I started noticing it, oddly enough, when I found myself using it. It made me self-conscious, so I started listening for it in others. I suppose it’s a sort of societal osmosis that I picked up this odd affectation.
I ordered a cup of coffee at Starbuck’s the other day. “A half-decaf, with-room, americano, please.” The barista smiled and said, “Perfect!”
Wow! I think I overshot a bit; I was simply aiming for getting my order correct, which I almost always do. But not only was I right on with my order, I’d gotten it perfect. I was on top of the world. How many people can boast of getting anything perfect in life?
And then I made a deposit at the bank. The teller said, “Perfect!” My terryaki order? Once again, perfect.

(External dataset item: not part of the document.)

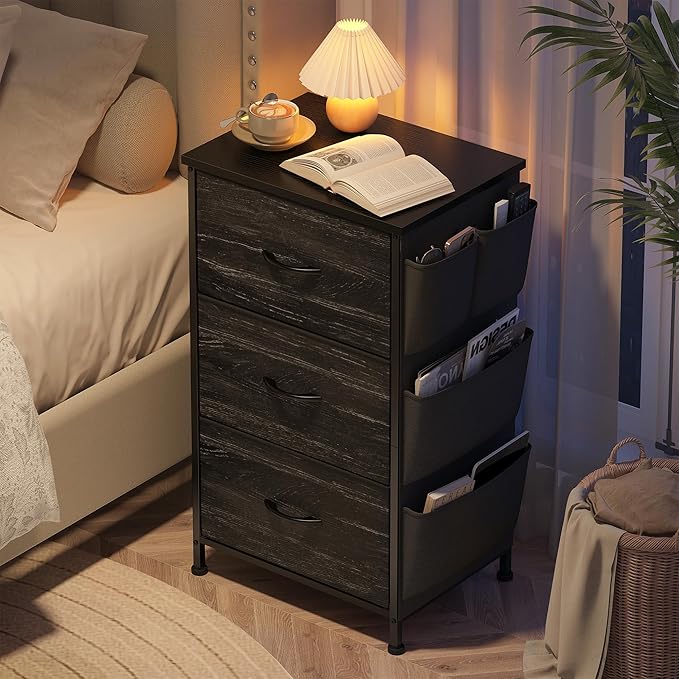 Night Stand Set 2, Night Stand with Drawers for Bedroom, Bedside Table with Wooden Top, Sturdy Steel Frame End Table, Dorm Nightstand for Bedroom, Entryway, Hallway, Closet, Cloth Bags, Hooks, Black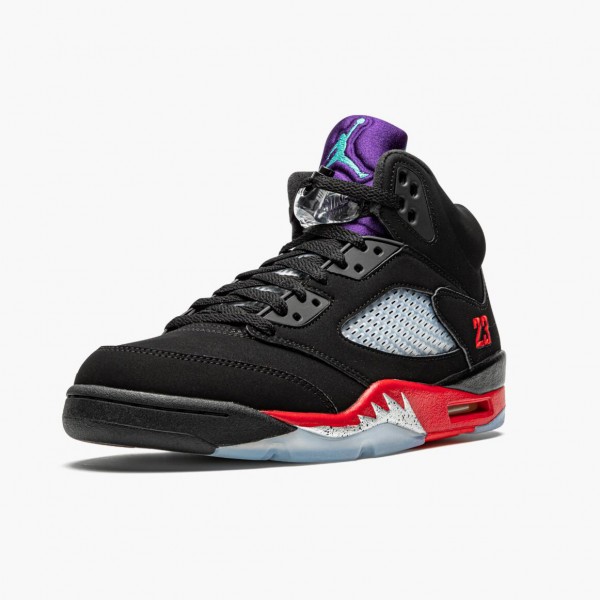 Ny  Jordan 5 Retro Top 3 Herre Svart/Fire Rød-Grape Ice-New E CZ1786 001 Sneakers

I seem to be hitting the mark each and every time I do anything these days.
And then I became melancholy; if I’m so perfect at everything, what do I have to shoot for? If I’m pumping gas, getting coffee, shopping for groceries, and ordering my meals so perfectly, what other than a future of perfection do I have to look forward to? Nothing to improve upon.
And then I got home. Asked my wife if she’d like a latte’. She said, “Yes,” and I said, “Perfect!”
I brought her her cup, having taken particular care in preparing the foam. I asked her what she thought.
She said, without the slightest hesitation, “Not bad.”
Hallelujah! Now I have something to strive for again. Thanks, Babe.